Sans nul doute, l’un des problèmes de la poésie française d’aujourd’hui est celui de dire son
temps. Si elle parvient assez bien à en exprimer l’ambiance d’espace morcelé et de durée en
miettes, elle est souvent prisonnière d’un matériau lexical rustique, au sens propre du terme.

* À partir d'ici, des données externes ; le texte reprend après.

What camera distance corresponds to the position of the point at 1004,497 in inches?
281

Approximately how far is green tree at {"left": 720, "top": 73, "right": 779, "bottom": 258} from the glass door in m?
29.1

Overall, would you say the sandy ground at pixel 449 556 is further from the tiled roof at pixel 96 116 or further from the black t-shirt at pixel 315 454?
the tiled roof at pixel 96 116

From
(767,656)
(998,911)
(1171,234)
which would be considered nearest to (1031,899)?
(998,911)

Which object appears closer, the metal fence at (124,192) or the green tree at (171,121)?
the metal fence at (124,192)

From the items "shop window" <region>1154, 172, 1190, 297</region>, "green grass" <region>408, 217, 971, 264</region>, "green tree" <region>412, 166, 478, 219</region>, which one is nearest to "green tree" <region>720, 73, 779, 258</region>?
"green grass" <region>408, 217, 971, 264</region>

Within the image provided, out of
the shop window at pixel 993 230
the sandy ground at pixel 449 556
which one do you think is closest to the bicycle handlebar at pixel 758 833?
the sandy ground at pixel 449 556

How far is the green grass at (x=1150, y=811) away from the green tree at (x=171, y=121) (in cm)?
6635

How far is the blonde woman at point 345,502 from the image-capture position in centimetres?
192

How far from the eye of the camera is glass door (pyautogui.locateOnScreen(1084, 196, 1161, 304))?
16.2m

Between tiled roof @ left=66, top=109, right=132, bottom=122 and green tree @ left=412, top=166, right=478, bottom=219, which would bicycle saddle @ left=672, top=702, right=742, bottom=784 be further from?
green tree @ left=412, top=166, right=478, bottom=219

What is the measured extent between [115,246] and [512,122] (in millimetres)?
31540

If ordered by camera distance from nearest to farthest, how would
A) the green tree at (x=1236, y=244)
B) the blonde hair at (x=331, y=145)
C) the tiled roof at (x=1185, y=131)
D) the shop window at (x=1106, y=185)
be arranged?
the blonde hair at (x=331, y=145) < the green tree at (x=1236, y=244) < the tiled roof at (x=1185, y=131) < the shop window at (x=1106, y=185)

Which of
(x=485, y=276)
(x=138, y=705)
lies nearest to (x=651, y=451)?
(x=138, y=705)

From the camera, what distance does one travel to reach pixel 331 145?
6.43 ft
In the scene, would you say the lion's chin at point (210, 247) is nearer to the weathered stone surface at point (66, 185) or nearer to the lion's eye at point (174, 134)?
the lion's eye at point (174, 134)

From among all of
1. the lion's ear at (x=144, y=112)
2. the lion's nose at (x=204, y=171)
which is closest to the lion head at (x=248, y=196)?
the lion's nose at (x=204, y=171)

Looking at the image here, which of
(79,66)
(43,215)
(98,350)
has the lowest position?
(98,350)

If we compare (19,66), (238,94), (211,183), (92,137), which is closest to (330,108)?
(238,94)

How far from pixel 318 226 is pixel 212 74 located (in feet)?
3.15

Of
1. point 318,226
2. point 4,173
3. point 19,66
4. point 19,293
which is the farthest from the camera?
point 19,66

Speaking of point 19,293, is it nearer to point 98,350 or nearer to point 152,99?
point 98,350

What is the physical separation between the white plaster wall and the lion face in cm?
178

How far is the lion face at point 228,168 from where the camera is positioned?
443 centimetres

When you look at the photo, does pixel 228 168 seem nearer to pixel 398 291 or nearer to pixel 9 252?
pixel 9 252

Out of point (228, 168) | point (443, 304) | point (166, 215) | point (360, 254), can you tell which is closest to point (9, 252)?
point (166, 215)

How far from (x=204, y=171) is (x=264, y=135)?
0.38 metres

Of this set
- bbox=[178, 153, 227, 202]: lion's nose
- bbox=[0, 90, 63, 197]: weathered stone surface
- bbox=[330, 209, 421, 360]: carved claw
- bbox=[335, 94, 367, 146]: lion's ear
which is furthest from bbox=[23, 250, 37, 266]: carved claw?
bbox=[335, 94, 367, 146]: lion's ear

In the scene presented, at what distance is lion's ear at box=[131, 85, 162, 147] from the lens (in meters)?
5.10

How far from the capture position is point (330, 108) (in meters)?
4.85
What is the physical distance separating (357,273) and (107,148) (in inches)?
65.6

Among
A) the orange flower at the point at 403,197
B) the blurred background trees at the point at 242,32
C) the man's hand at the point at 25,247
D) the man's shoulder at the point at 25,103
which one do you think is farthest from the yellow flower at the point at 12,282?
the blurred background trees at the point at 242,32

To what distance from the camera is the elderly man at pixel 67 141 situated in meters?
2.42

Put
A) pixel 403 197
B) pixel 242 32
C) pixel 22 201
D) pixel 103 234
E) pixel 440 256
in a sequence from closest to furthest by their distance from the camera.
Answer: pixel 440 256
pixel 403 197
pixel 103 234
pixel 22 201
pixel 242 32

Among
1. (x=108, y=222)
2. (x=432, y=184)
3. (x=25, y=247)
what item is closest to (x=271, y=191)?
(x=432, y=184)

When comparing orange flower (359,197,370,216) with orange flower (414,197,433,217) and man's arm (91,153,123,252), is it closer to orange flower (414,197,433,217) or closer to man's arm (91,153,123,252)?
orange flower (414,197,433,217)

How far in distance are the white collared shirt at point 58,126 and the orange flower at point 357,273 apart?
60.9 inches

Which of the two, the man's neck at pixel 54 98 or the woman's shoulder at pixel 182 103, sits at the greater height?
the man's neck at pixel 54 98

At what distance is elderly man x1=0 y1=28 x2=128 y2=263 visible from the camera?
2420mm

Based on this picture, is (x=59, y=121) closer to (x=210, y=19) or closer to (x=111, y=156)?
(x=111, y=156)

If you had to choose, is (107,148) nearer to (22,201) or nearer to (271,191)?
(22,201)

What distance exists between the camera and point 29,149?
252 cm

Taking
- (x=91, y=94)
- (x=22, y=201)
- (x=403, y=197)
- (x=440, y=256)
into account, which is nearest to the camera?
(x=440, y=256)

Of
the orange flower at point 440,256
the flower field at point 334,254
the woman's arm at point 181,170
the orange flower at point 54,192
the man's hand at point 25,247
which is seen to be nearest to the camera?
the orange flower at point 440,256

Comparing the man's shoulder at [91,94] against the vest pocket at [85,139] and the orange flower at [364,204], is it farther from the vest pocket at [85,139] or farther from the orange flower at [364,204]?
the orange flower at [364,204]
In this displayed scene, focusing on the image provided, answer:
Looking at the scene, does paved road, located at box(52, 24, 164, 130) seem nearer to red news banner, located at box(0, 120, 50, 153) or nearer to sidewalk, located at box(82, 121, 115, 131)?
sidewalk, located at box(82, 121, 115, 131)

L’intérêt de la poésie de Serge Safran est qu’elle peut être traversée par l’urbain et le trivial, le
boulevard des Batignolles, le dollar et la mort d’Anquetil. Il ne s’agit absolument pas d’un
parti-pris systématique : il y a toute une légèreté qui fait penser à Apollinaire dans ce parcours
qui s’intéresse aussi bien à l’actualité des otages du Liban qu’à l’éclat particulier d’un toit de
vieilles tuiles, ou à une musique de Vivaldi, ou à la manière dont tombe la pluie. La manière,
ou plutôt les manières, car elle aussi se trouve réfractée selon des angles lumineux ou
sordides : tantôt, « la pluie sollicite / haut silence du ciel » : tantôt « imprécateur des trottoirs /
chancre à la bouche la pluie / accompagne au hasard ». Les rythmes de l’écriture, on le voit,
ne sont nullement stables, mais ils n’épousent pas pour autant la réalité évoquée : on a au
contraire une impression permanente de contrepied, de syncope, de coïncidence refusée entre
les ondes du monologue intérieur et les agressions du réel. Et puisque tout espoir d’accord est
perdu, l’écrivain brouille lui-même les pistes en variant la distance, commençant par un long
poème en vers libres intitulé Gare Saint-Lazare (là encore, on pense à Zone au début
d’Alcools), continuant par des poèmes plus courts dont il intitule certains, avec un humour qui
contribue à déstabiliser les repères, Petites pièces détachées, et terminant sur un assez court
long texte en prose, mais dont les phrases sont presque exclusivement nominales. Cette
diversité sans fard prouve l’authenticité d’une voix qui ne s’interdit nullement de jouer dans
les moments libres que lui laisse « l’étreinte du temps », mais qui ne peut au fond que
transcrire le message fondamental : « c’est toujours nuit et brouillard / à l’écoute du monde ».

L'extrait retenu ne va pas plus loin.